=== Section Start ===
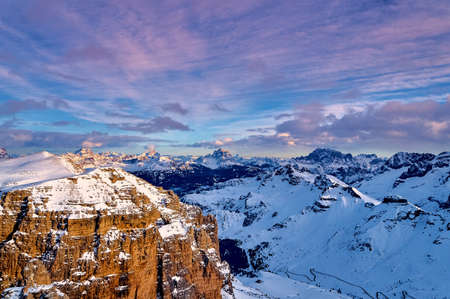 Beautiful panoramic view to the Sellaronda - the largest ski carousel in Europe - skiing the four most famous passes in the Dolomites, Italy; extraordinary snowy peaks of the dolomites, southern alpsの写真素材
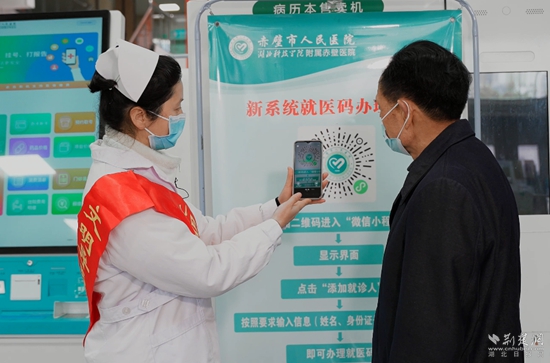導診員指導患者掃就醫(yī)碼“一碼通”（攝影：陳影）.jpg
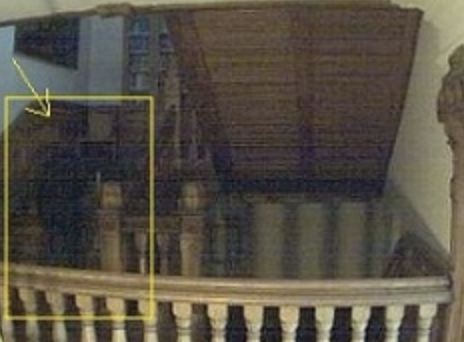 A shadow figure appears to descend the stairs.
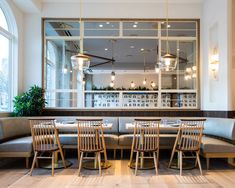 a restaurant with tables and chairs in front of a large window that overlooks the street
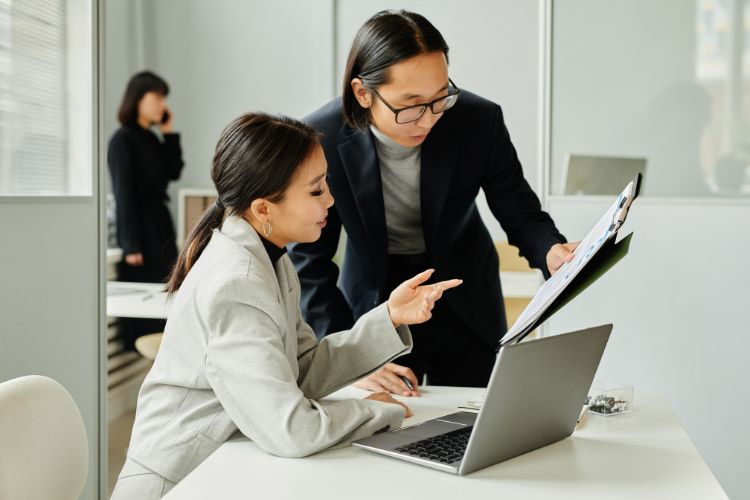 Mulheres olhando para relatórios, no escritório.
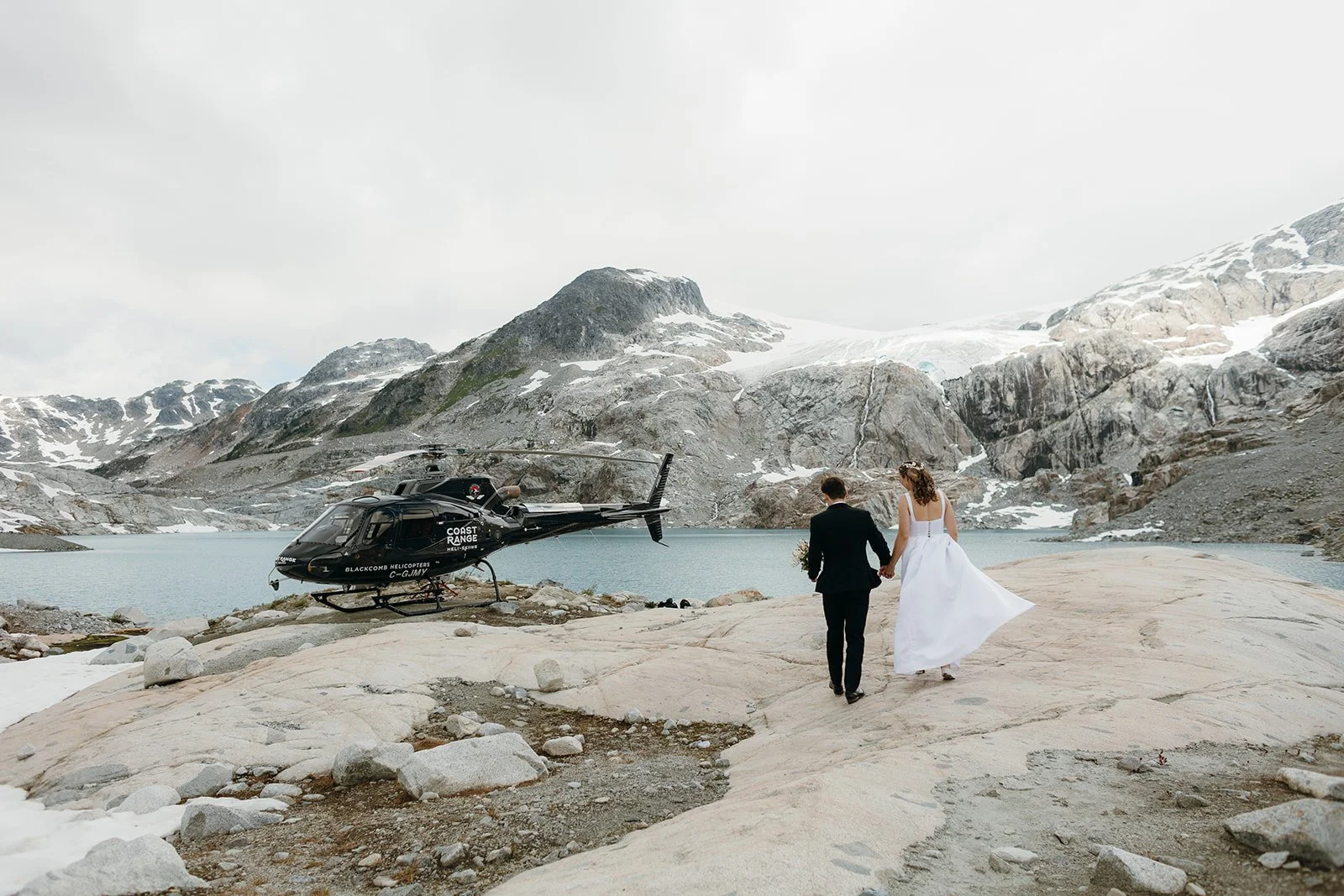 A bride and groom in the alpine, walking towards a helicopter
=== Section End ===
Task description
Copy out the data verbatim, with no pictures.

Final answer
 Beautiful panoramic view to the Sellaronda - the largest ski carousel in Europe - skiing the four most famous passes in the Dolomites, Italy; extraordinary snowy peaks of the dolomites, southern alpsの写真素材
導診員指導患者掃就醫(yī)碼“一碼通”（攝影：陳影）.jpg
 A shadow figure appears to descend the stairs.
 a restaurant with tables and chairs in front of a large window that overlooks the street
 Mulheres olhando para relatórios, no escritório.
 A bride and groom in the alpine, walking towards a helicopter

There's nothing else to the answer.